# kubota x 1100c vplow questions



## dieselfuel007 (Jan 27, 2019)

i have a kubota x1100c and want to get a vplow i've narrowed it down to boss or western can anyone with first hand knowledge of these plows tell me the good and the bad i've been around the new western v plow on our work truck and liked it but i could go either direction and it seems the boss is cheaper i can get one of those for 3712.00 shipped to my door tax included . the only thing i've seen on the and i'm not sure if i like is the single acting cylinder on the blade angle.i'd also like to hear what everyone else paid and pictures of it unmounted just don't want big mount hanging down to hang me up all summer.


----------



## dieselss (Jan 3, 2008)

If you already have a western, why not just go with that one?

What's wrong with a single acting cylinder?


----------



## dieselfuel007 (Jan 27, 2019)

The western is at my work and single acting cylinders only have power one way it looks like it’s spring return power out on the boss plow I was just wondering if anyone had trouble with it ice buildup etc not letting it return


----------



## sns250 (Oct 28, 2009)

We have 2 westerns on 2 separate kubota 1100. We use them for sidewalks. I will say when they are working they do a good job on scrape and over all use.

Now the bad.
We hardly use them cause we typically continually salt due to the accounts we have. The stock edges wear down extremely fast.

Both of ours have been electrical nightmares. They were both purchased the same time back in 2016 since then they have both had the modules replaced, one had the module replaced twice. We have replaced both controllers, and we have replaced the main fleet flex power wire on the kubota on one. We also had issues with both of them becoming “locked” by the western security feature. I think that was related to the bad modules, but it was really annoying. We have been a western company through and through, and hardly have any issues with our truck plows, but if I had to do it all over again I think I would get the kubota brand plow.
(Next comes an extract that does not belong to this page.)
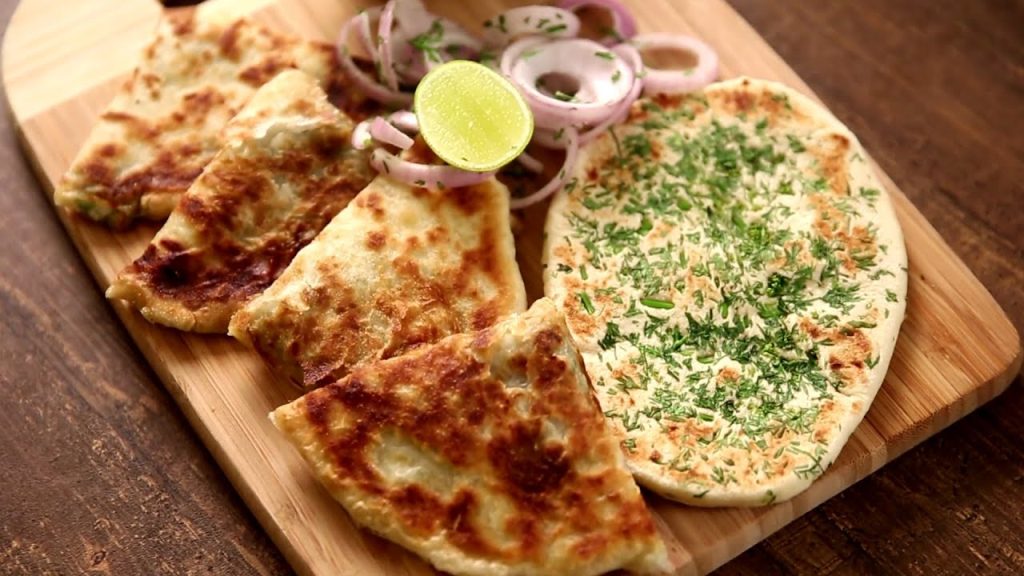 A close-up of golden-brown Amritsari Kulchas fresh out of the tandoor oven, showing their crusty exterior and fluffy interior.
Something else to consider is width. If I am remembering correctly the boss plow is 6” wider than the western which was another reason I went to western cause we Squeeze them into places.

Something else on edit I should note is we take them off the kubota when we salt and only put them on when we plow. That system seems to be pretty good and easy but it does take 2 guys to do it without pushing the plow against something.


----------



## dieselfuel007 (Jan 27, 2019)

I won’t be salting cause it’s going to be residential and width doesn’t matter in your opinion were your electrical problems due to salt use I think the kubota plow is near 7000.00 so cost is an issue with it


----------



## MeTurf (Jan 26, 2019)

We run the BOSS V on a John Deere 825i Gator. 4 years no issues. Very reliable plow. Easy to take on/off.


----------



## sns250 (Oct 28, 2009)

I don’t know how salt could have anything to do with modules and controllers going bad. Maybe you could make a case for the wording harness if the plug got corroded, but even that’s a stretch. We spread thousands of tons with out trucks and don’t have the issues that these do. 

When not in use the plows are stored in shipping containers out of the weather and separate from any salt.

You don’t need to get the K connect system for the kubota plow, they also make one that is electric over hydraulic just like the western and boss for around the same price point.


----------



## dieselfuel007 (Jan 27, 2019)

Tell me what makes you like the kubota plow better I just want to make a informed decision cause I’ve never seen any of these in person so far it sounds like I’m going to pass on a western does someone make the kubota plow for them


----------



## dieselfuel007 (Jan 27, 2019)

well i just looked at some pics of the kubota blade and i don't like the fact that you have to remove the bumper looks like i'm probably ordering a boss unless something changes


----------



## sublime68charge (Dec 28, 2007)

Dieselfuel,

I cant comment on boss vs western at all.

My Dad has a Kubota 1100 with a SnowDogg V and its been fine for the 2 years he has used it.

Had a super cold spell and I needed to widen my drive out after it drifted and I borrowed his setup instead of freezing on my ATV plow setup.









close up of the snowdogg









and then the bank I was pushing back,
Temp was in the Minus teens and nice and warm plowing in this setup.


----------



## cjames808 (Dec 18, 2015)

Niceee. Probably can’t go wrong with western or boss for that.


----------



## abbe (Sep 8, 2009)

I have an 1100 RTV with the Boss V and it is amazing. Eats up sidewalks for us.


----------



## zap6 (Jun 25, 2020)

We're in the process of buying the RTV-X1100C with a Boss V-Plow, the plow will come in with their fall order.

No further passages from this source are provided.